Daí se deve concluir que o Legislador expressou-se mal na construção do enunciado normativo do parágrafo único do artigo 1.022 do CPC/2015, ensejando o intérprete a pensar que não se ampliaram as hipóteses de cabimento dos embargos de declaração no CPC/2015, pois que seriam as mesmas hipóteses previstas no artigo 535 do CPC/1973.

Ampliou, e se ampliou muito o número dessas hipóteses, porque não se está mais a falar apenas em omissão, que se configura quando o juiz não decidiu acerca de uma matéria. Está-se a falar agora não em omissão, pois, mas sim em uma decisão não fundamentada, situação que, por óbvio, não se confunde com a da omissão.

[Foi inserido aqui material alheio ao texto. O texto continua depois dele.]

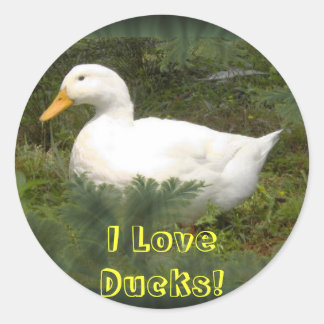 Ich Liebe Enten! Aufkleber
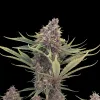 Purple Kush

Portanto, as hipóteses de cabimento dos embargos declaratórios abrangem não apenas aquelas tradicionais – obscuridade, contradição, erro material e omissão -, senão que passaram a abranger aquelas várias e variadas hipóteses tratadas no artigo 489, parágrafo 1o., do CPC/2015. E aqui surge um novo problema.

Com efeito, se não estamos a falar tecnicamente de omissão, mas de uma decisão não fundamentada, o efeito infringente que é imanente aos embargos declaratórios, mas sempre visto com maus olhos pelos juízes em geral, esse efeito passa a ser o mecanismo indispensável para que o tribunal decida melhor aquilo que o juiz decidiu sem fundamentação.

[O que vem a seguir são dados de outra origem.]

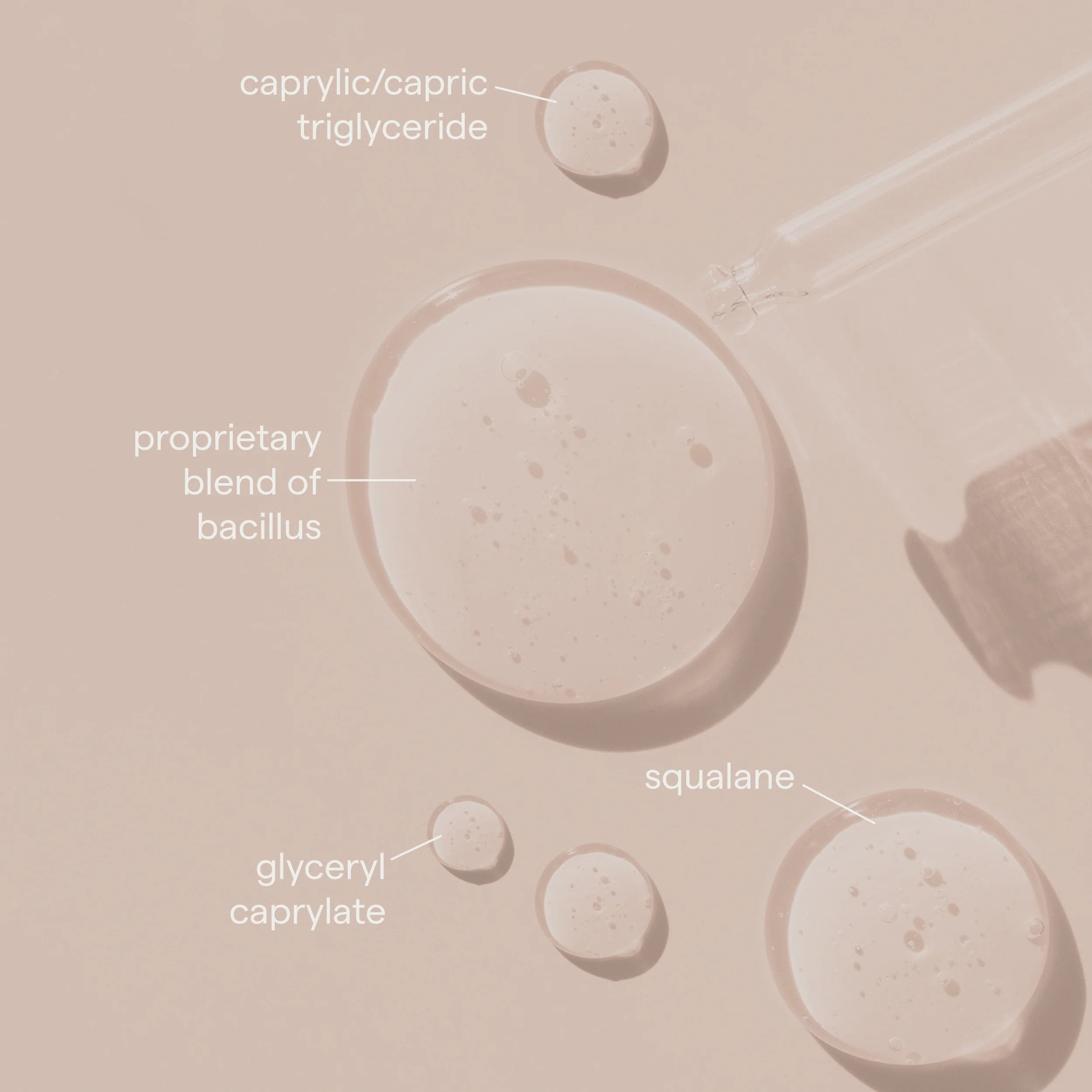 SIV Spore Based Biome Balancing Serum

(*prosseguiremos com a análise desse interessante tema em uma outra publicação.)

 

 

2 COMENTÁRIOS

  1. Caro Professor Valentino. A observação consoante ao art. 489, §1º, seja a ausência de fundamentação teria não tornado a sentença nula em face ao art. 11, também do CPC?
    A abordagem referente a questão de fundamentação sentencial é de relevante interesse para todos os operadores do Direito. Aguardo com relevante e aguçada curiosidade a continuidade desta matéria.
    Renato Borges

    • Bom dia, Renato. São situações distintas, embora existam pontos de contato. No CPC/1973, não havia uma norma como a do artigo 489, parágrafo 1o., do CPC/2015, e como o CPC/2015 incorporou a seu texto princípios constitucionais (artigo 8o.), foi obrigado, por uma questão lógica e de coerência, a estabelecer em seu artigo 11 o dever de fundamentação, extraindo daí outras consequências, as quais chegaram aos embargos de declaração, os quais assim passaram a abranger aquelas hipóteses do artigo 489, parágrafo 1o. O que surge daí: a importância do efeito infringente, com o qual o Tribunal pode fundamentar aquilo que o juiz não fundamentou, o que faz implementar o princípio da eficiência, na medida em que é tanto melhor que se tenha um provimento jurisdicional integrado por uma decisão em embargos declaratórios, que uma decisão nula e que terá ser feita pelo juiz de primeiro grau. Aproveita-se, pois, o que o juiz decidiu, e o Tribunal, nos embargos declaratórios e com efeito infringente, complementa o necessário. Sua questão é interessante, pois. Um abraço.